Evangelia Adamou
Evangelia Adamou is a senior researcher at the French National Centre for Scientific Research, specializing in language contact and endangered languages.
Biography
Adamou studied at the Aristotle University of Thessaloniki and Paris Descartes University. After working as a teaching assistant and then lecturer at Paris Descartes University, she became a junior researcher at the French National Centre for Scientific Research in 2005, and was promoted to senior researcher in 2015.In 2022 Adamou was elected as an ordinary member of the Academia Europaea.
Research
Adamou's research centers on the analysis and description of under-described languages, with a focus on language contact and multilingualism, employing both corpus-based and experimental methods. She has conducted extensive fieldwork in the Balkans and in Mexico. She is currently Principal Investigator on a major French-Russian joint project to create an atlas of the Balkan linguistic area, together with Andrey Sobolev.Selected publications
- Adamou, Evangelia. 2010. Bilingual speech and language ecology in Greek Thrace: Romani and Pomak in contact with Turkish. Language in Society 39, 147–171.
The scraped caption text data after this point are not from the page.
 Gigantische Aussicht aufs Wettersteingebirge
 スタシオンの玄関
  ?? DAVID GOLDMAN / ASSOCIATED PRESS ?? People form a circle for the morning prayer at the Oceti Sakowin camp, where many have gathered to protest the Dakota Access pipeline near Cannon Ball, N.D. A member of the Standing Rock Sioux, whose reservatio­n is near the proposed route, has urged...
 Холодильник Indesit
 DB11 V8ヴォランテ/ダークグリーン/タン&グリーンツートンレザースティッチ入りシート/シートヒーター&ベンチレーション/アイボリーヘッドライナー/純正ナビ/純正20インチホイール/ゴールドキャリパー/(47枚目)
- Michailovsky, Boyd, Martine Mazaudon, Alexis Michaud, Séverine Guillaume, Alexandre François, and Evangelia Adamou. 2014. Documenting and researching endangered languages: the Pangloss Collection. Language Documentation and Conservation 8, 119–135.
- Adamou, Evangelia, and Kimmo Granqvist. 2015. Unevenly mixed Romani languages. International Journal of Bilingualism 19, 525–547.
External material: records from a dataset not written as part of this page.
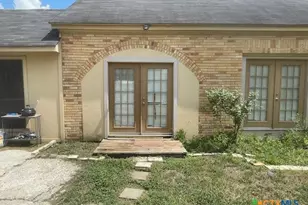 613 E Broadway St, Cuero, TX 77954 - Photo 21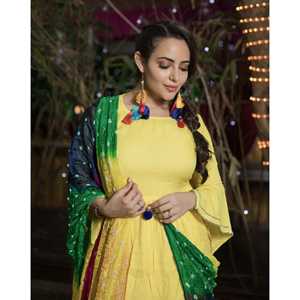 Conjunto de Traje de Satén de Rayón Amarillo Abejorro para Mujer, Talla XS - Product Image 4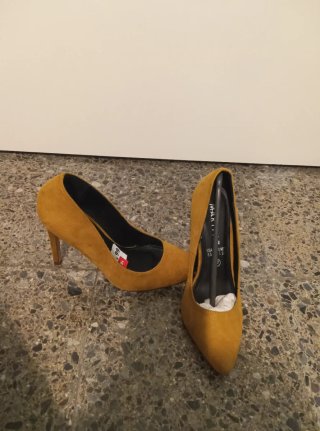 Zapatos de tacón amarillos mostaza y bolso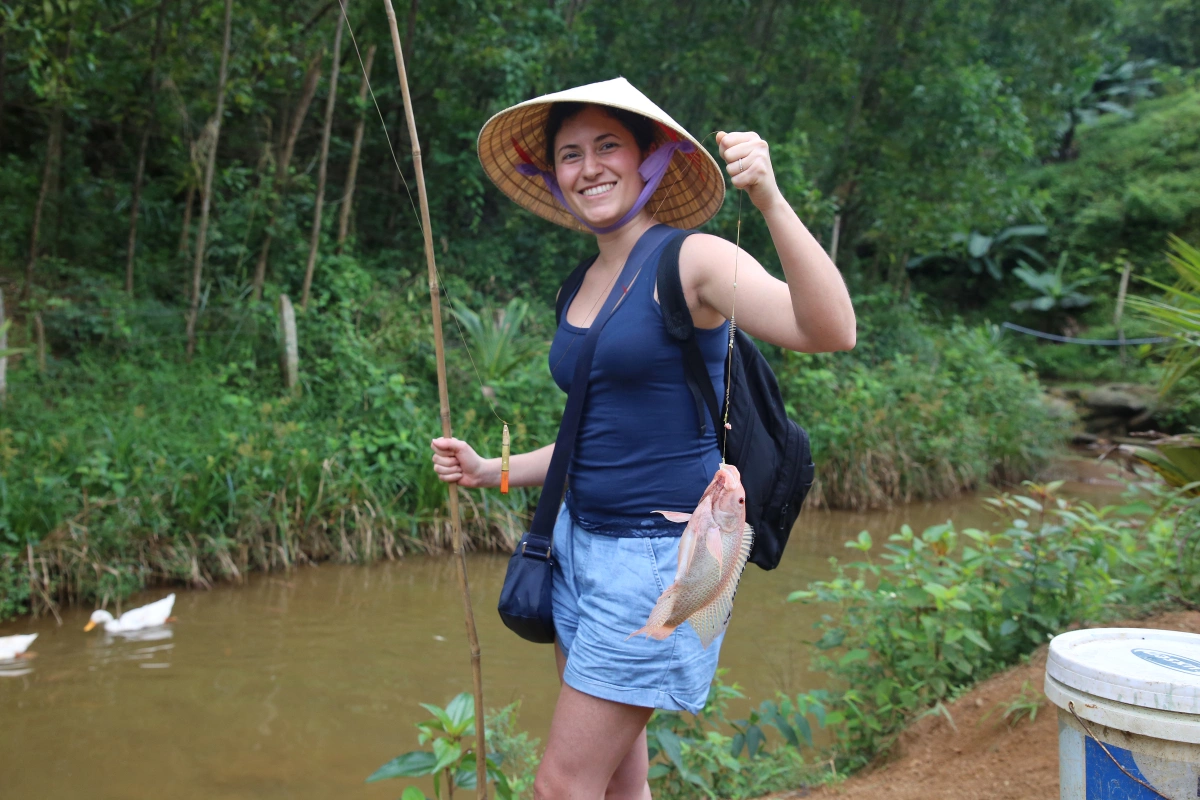 Khách Tây thử cảm giác được đàn vịt vây quanh 'massage' - 11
- Adamou, Evangelia. 2016. A corpus-driven approach to language contact: Endangered languages in a comparative perspective. Berlin: Mouton de Gruyter.
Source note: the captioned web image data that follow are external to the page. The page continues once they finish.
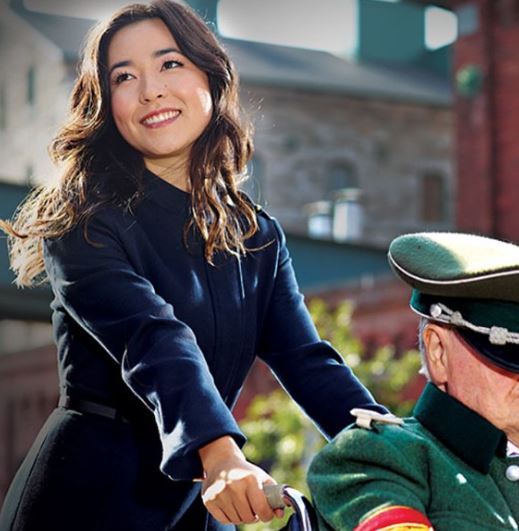 Maya Erskine height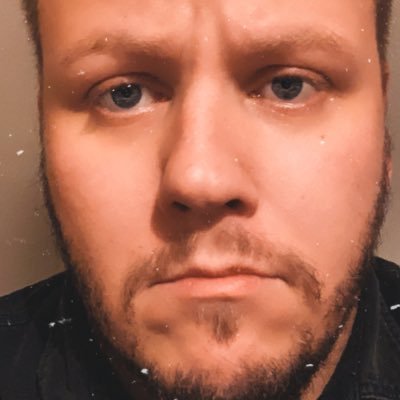 Er nauðsynlegt að lesa herbergið á Twitter? ef svo er…. hvar er delete takkinn?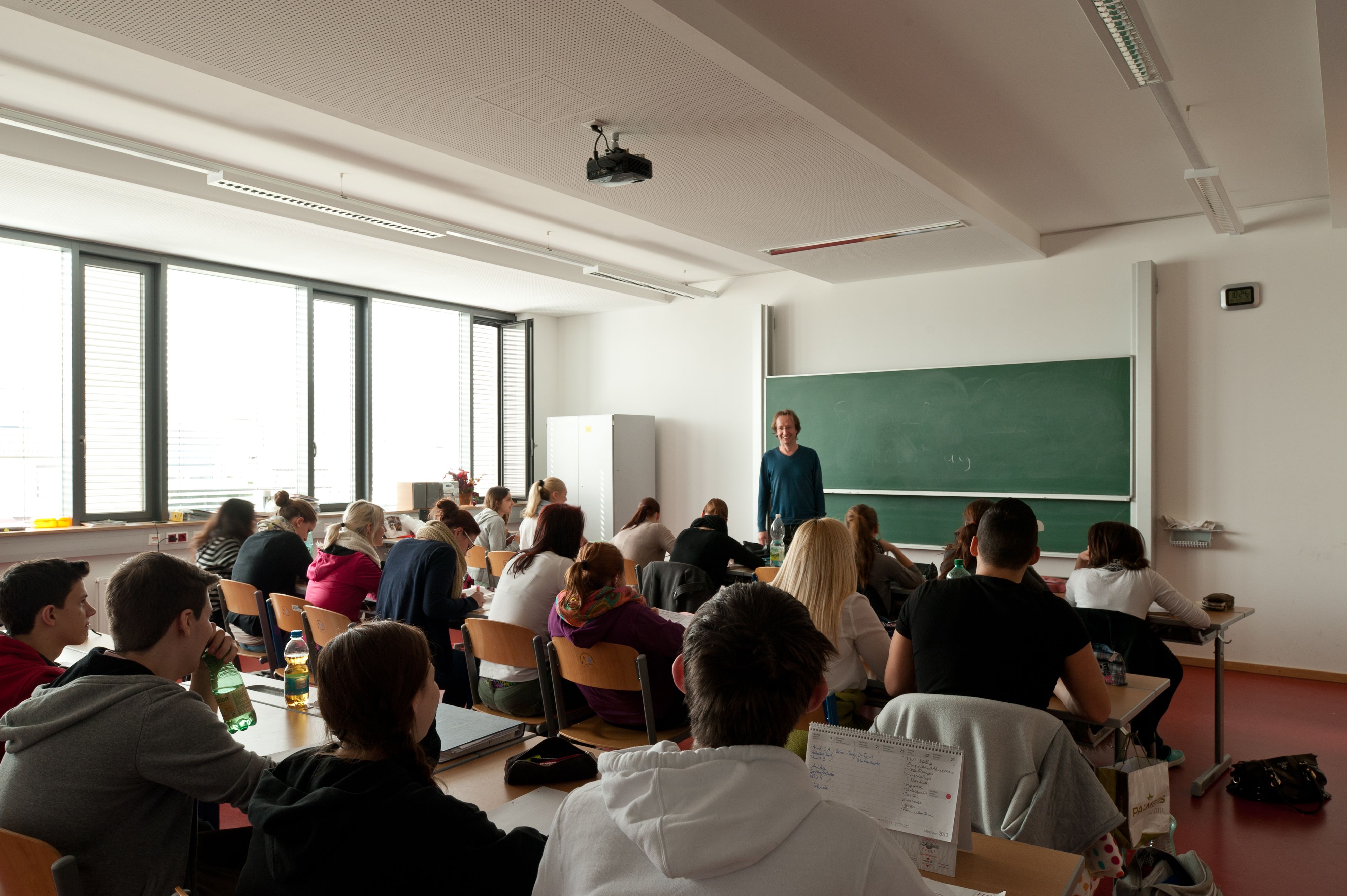 In einigen Regionen und Fächern fehlen immer mehr Lehrer und Lehrerinnen.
- Adamou, Evangelia, and Xingjia Rachel Shen. 2019. There are no language switching costs when codeswitching is frequent. International Journal of Bilingualism 23, 53–70.
- Adamou, Evangelia, and Yaron Matras. 2021. The Routledge Handbook of Language Contact. London: Routledge.
- Adamou, Evangelia. 2021. The Adaptive Bilingual Mind: Insights from Endangered Languages. Cambridge: Cambridge University Press.